Print exactly the lines below between the line containing "Guernsey Hotel |" and the line containing "Gracecharm Art Soft", counting both of those lines. Leave pictures out.

Input data:
-----

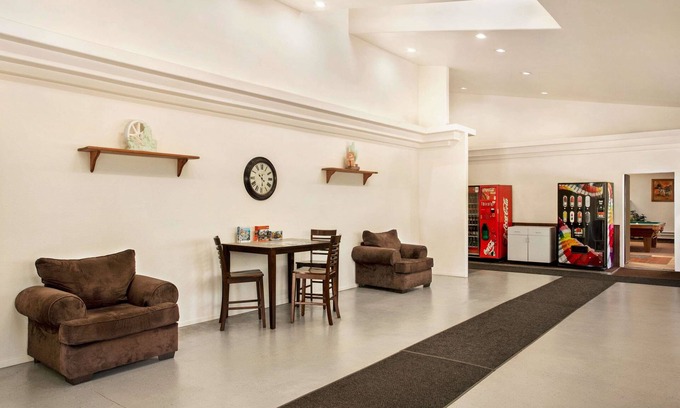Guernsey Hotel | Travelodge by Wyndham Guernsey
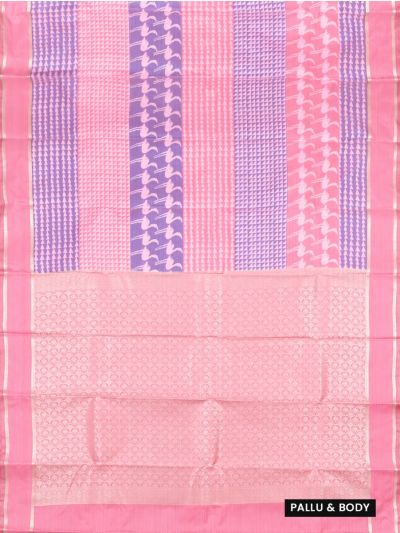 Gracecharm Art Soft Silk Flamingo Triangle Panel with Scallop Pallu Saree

-----

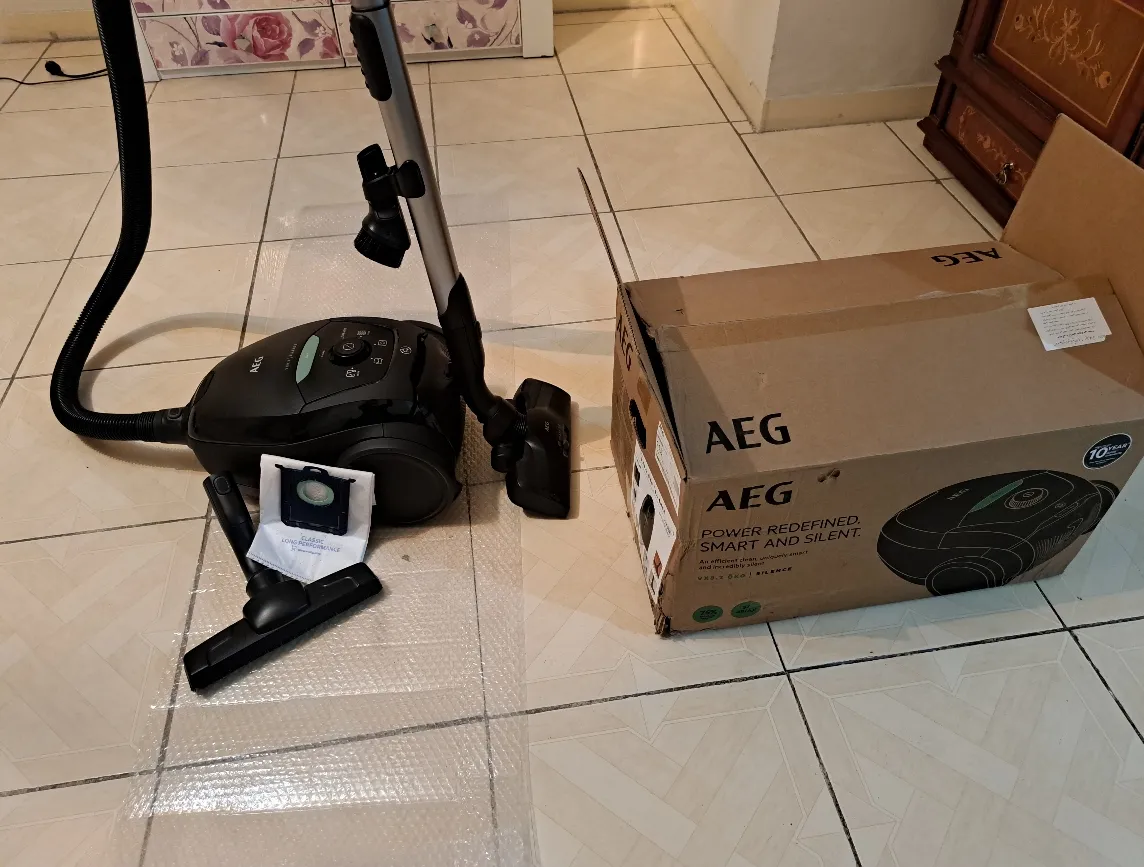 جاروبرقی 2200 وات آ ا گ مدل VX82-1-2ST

-----

Answer to the problem:
Guernsey Hotel | Travelodge by Wyndham Guernsey
 Gracecharm Art Soft Silk Flamingo Triangle Panel with Scallop Pallu Saree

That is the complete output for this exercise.